The simulation works with a repertoire of potential actions - interactions with the user interface that involve some locus of attention. An example of a potential action is "read-the-text-on-this-page". Although it can be described as a single locus of attention, this example can also be decomposed into simpler loci of attention: "read-a-line-of-text", "find-the-next-line-of-text", and these can be decomposed in turn (e.g. "read-a-word", "find-the-next-word") and so on.

The hierarchical decomposition of attentional loci might appear like a goal/sub-goal tree, but the order of selection and execution of the actions is rather more complex. There are always many possible decompositions of complex attentional sequences. Some of these decompositions might be regarded as distractions (e.g. {read-line, make-cup-of-tea, read-next-line}) while others have some clear value within the overall task context (e.g. {read-line, check-how-many-lines-to-go, read-next-line}).

In order to model the way that an attentional locus is constructed, each potential action has associated with it:

For each action, there is a set of associated actions that can improve these estimates, as well as a set of associated actions that would be invoked as components of the stated task. At any time, the selection of the next action (and hence the locus of attention) can therefore be influenced by:

  1. investing attention by making progress along the current locus
  2. reducing the future attentional cost by finding an alternative locus
  3. reducing the risk that the investment will be lost

The reduction of cost and risk are seen by the simulation as being valuable in themselves. If a potential action can greatly reduce risk, it might therefore attract attention even though it is not directly related to the current locus of attention (e.g. save-working-file).

The behaviour of the simulation is expressed in terms of simple control rules: first identify potential progress along the locus of attention associated with the set of potential actions, and associate some value function with that progress. Second, identify actions that could be carried out to improve estimates of cost, and associate added value with that improvement. Third, identify actions that can reduce risk, and associate added value with that reduction.

This assessment process is costly in itself, so there are only a small number of candidate actions that are normally considered in each execution cycle. Consideration of potential actions also consumes some of the available attention, so there is an attention budget allocated to action consideration. If any of this budget remains after the best candidates have been considered, a few other possible actions might be considered at random.

After consideration of the candidates, a certain amount of attentional resource will be allocated to the winning candidate. There is a cost associated with changing the current locus of attention, so once a candidate locus becomes active, it is quite likely to remain active until it reaches some discontinuity (e.g. reading to the end of a line). The winning candidate may however allocate some of its budget to further consideration of risks and potential actions, as well as to following the current attentional locus.

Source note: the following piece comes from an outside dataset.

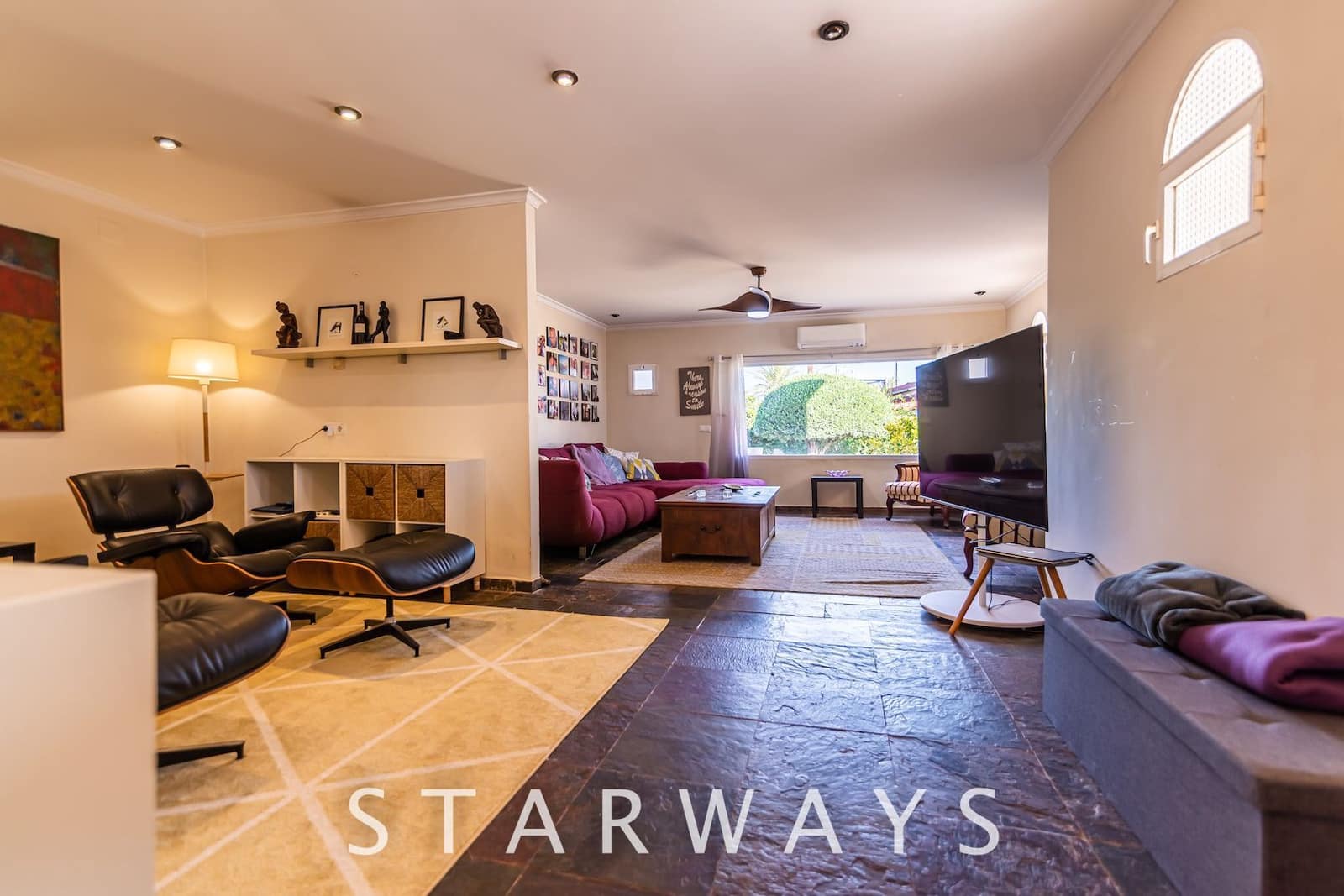 5 bedroom Villa for sale in Alfaz del Pi / L'Alfas del Pi with pool - € 745,000 (Ref: 7665377)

Small discontinuities may therefore result in large changes in attentional locus, if some risk estimate has been accumulating while following the locus (e.g. it's getting darker, and I'm not going to be able to read any more of this page - I have to get my glasses).

The assessments of cost, progress and risk are all carried out on the basis of maintaining estimates that have associated confidence factors. This means that the overall behaviour of the simulation is not deterministic. The probability functions used in comparing different estimates reflect the biases described in Kahneman and Tversky's (1979) Prospect Theory: there is a bias against risks with severe consequences, even when those risks are relatively small. There is a similar (less extreme) bias in favour of large gains.

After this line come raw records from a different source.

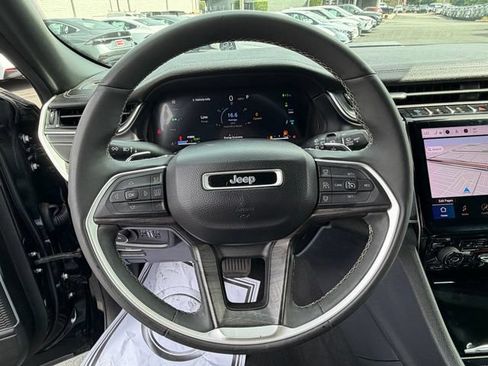 Used 2024 Jeep Grand Cherokee Limited 4xe AWD/4WD image 18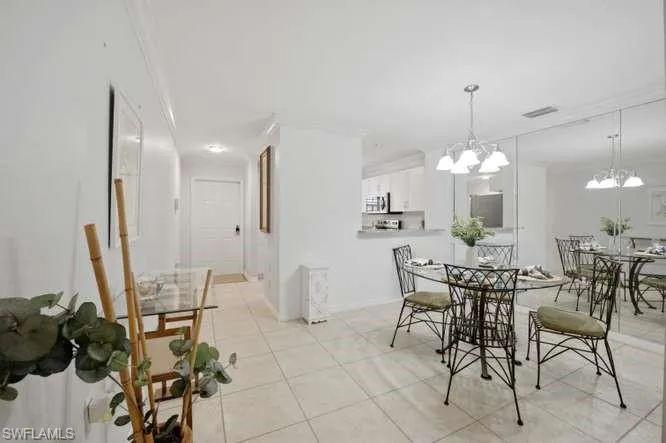 9076 Gervais Cir 405, Naples, Florida 34120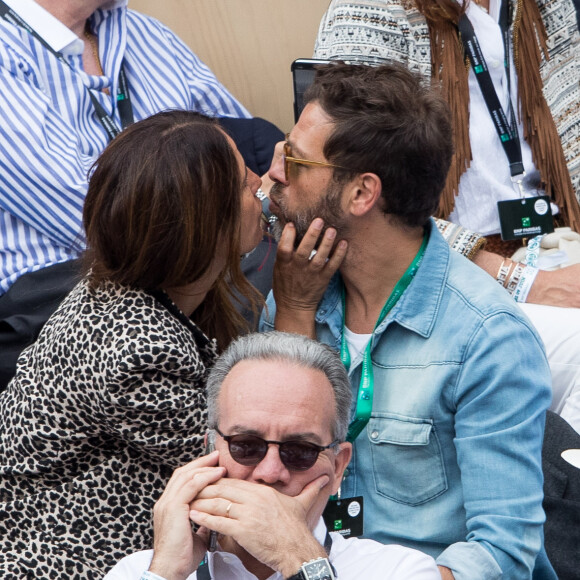 Christophe Maé et compagne Nadège Sarron - People dans les tribunes lors de la finale messieurs des internationaux de France de tennis de Roland Garros 2019 à Paris le 9 juin 2019. © Jacovides-Moreau/Bestimage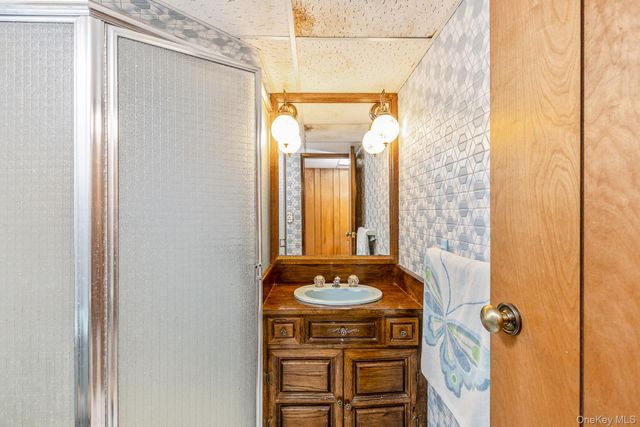 1431 Motor Parkway, Hauppauge, NY 11788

Describing notational activities in attentional terms

The best known publications describing the CDs framework (notably Green & Petre 1996) have emphasised that CDs are a vocabulary that can be used by designers when discussing the needs of users. Green and Blackwell (1998) took an alternative approach by introducing their tutorial with a discussion of the activities that users carry out when using information artefacts: "Designing a garden is not like designing a bridge. Garden design is very aesthetic, and part of the job is exploring the options, changing one's mind, feeling one's way to a new vision. Bridge design is less inspirational and very much more safety-critical. These are different types of user activity, and they are likely to be supported by different kinds of software or drafting tools." (Green and Blackwell 1998, p. 9)

This observation was used to clarify the diverse criteria that might be relevant in designing an information artefact with the guidance of CDs: "It would be nonsense to claim that all information artefacts should satisfy some single set of criteria. We shall distinguish four main classes of activity, and as we explain the framework we shall develop a preferred profile for each type of activity. The four types we distinguish are: incrementation (adding a new card to a cardfile; adding a formula to a spreadsheet), transcription (copying book details to an index card; converting a formula into spreadsheet terms), modification (changing the index terms in a library catalogue; changing the layout of a spreadsheet; modifying the spreadsheet to compute a different problem) and exploratory design (typographic design; sketching; programming on the fly or 'hacking'). Each activity is best supported by its own profile of CDs which will be gathered together as the discussion proceeds."

In the context of the argument presented in this paper, we observe that these different types of activity represent very different loci of attention, as described in the following sections. These loci integrate two information contexts - there is generally a source of information to which the user must attend, as well as a destination or target that is being modified.

Transcription

When transcribing information from one context to another, the attention of a user must alternate between the source and target, with the period of alternation determined by working memory capacity.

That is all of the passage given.